Miss B. a repris le travail de son mâle mort d’un accident sur l’échafaudage. Elle traîne de lourdes pierres taillées depuis la carrière jusqu’au chantier de construction d’une tour. Celle-ci doit être terminée rapidement pour complaire au Président. Les conditions de vie devenant de plus en plus difficiles, une animosité enfle. Et une résistance va s’organiser après qu’un rat, comédien ambulant, ait donné son spectacle. Miss B. est amenée, presque à son corps défendant, à jouer un rôle primordial. Or, la dictature, bien installée, ne va pas rester sans réagir…

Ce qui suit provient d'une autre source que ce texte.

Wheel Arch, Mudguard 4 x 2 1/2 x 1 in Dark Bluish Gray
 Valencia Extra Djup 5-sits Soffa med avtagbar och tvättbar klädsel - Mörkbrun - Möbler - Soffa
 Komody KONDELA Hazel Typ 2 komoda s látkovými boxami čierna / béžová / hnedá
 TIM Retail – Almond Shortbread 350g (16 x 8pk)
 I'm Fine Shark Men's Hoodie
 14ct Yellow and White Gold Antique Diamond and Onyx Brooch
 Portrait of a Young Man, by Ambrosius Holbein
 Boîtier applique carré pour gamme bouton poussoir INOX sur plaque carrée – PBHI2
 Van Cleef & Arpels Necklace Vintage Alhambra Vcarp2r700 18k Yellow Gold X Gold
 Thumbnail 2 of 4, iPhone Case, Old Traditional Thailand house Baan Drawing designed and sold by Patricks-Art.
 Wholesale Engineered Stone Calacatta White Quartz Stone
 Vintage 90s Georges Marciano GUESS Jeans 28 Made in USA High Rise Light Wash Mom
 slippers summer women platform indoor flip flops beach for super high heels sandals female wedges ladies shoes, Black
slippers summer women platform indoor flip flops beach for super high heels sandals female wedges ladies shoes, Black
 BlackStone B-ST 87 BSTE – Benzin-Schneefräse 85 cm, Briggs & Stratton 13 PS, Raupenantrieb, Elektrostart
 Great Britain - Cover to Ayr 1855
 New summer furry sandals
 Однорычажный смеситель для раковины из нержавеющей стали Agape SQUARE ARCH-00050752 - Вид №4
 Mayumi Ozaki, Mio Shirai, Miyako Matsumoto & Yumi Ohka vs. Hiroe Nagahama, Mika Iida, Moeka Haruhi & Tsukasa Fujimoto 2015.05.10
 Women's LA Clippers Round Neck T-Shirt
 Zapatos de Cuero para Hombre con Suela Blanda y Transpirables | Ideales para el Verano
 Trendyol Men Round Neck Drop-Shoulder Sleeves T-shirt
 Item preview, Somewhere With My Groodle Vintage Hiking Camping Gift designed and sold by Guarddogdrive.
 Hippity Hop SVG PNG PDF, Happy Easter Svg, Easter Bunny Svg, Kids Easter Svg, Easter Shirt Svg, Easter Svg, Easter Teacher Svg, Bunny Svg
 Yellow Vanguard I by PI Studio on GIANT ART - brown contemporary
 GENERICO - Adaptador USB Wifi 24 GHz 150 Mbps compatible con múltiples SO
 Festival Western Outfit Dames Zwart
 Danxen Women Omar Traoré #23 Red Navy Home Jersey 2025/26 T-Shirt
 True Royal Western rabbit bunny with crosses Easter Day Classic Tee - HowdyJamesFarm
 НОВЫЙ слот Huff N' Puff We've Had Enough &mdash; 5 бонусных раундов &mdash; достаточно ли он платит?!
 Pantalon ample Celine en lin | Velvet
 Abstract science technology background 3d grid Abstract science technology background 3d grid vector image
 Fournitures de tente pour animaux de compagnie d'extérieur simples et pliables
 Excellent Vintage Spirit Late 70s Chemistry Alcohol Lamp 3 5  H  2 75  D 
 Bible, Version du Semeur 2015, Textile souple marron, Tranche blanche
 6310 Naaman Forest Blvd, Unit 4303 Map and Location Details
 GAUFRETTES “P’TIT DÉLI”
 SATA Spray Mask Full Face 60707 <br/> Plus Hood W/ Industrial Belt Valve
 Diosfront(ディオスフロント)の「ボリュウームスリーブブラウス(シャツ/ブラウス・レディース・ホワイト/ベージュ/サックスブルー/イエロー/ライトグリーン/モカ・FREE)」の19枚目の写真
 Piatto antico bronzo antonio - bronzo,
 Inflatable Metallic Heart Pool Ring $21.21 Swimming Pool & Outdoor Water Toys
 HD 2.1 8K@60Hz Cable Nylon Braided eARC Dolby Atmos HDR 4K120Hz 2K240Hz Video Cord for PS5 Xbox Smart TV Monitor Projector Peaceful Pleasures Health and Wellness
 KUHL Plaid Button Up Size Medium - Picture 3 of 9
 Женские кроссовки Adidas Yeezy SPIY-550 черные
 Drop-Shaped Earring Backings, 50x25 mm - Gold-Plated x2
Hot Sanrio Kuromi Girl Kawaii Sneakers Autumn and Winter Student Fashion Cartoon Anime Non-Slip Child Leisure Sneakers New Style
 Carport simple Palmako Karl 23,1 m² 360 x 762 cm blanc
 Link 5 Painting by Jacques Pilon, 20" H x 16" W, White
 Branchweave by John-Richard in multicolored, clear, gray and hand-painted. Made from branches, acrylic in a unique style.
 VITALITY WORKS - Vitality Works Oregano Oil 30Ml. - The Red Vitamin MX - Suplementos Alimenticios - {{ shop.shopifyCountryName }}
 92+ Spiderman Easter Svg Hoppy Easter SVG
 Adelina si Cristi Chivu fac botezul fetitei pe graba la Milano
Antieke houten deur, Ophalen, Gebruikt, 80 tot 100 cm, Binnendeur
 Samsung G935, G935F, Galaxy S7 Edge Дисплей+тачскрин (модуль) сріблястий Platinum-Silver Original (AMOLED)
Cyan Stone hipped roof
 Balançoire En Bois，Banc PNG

Le sujet de ce conte politique traduit en fable animalière touche à la dictature et à la ou les manières de la faire tomber. Xavier Dorison détaille la manière de mener une révolte non-violente face à une répression. Si le récit d’Orwell reste en toile de fond, le scénariste préfère s’appuyer sur des exemples réussis de mise à bas d’une tyrannie de cette façon que ce soit en Inde avec Gandhi, en Afrique du Sud avec Nelson Mandela, en Pologne avec Lech Walesa…
Et, plus récemment, avec le succès du mouvement Otpor, ce soulèvement pacifiste des étudiants qui a fait tomber Slobodan Milošević en Serbie.
Il choisit, pour porter son scénario, une chatte, mère de deux chatons, qui va se trouver entraînée dans un système de résistance, de désobéissance civile qui va se construire au fur et à mesure. À travers ce récit, c’est un hymne à la non-violence, un contre-pied aux modèles narratifs les plus répandus qui valorisent les héros tout en muscles, qui amènent à mettre au pouvoir ces hommes politiques tout en gueule, en menaces…
Le dessin est assuré par Félix Delep dont c’est le premier album. Étudiant à l’école Émile Cohl, il a suivi les cours d’un certain Xavier Dorison sur …le scénario sans jamais faire état de ses dessins. C’est par le biais d’Internet qu’ils se sont trouvés. Et c’est vraiment une belle rencontre car son dessin animalier est remarquable, à la hauteur de celui des créateurs chez Walt Disney, aussi bien dans les postures et les expressions des animaux que dans les décors.
Prévue en quatre tomes, cette série s’impose, dès le premier opus, comme une des réussites de cette décennie par la profondeur de son scénario et par la qualité de son graphisme.
serge perraud
Xavier Dorison (scénario), Félix Delep (dessin et couleurs) & Jessica Bodard (couleurs), Le château des animaux – t.01 : Miss Bengalore, Casterman, septembre 2019, 72 p. – 15,95 €.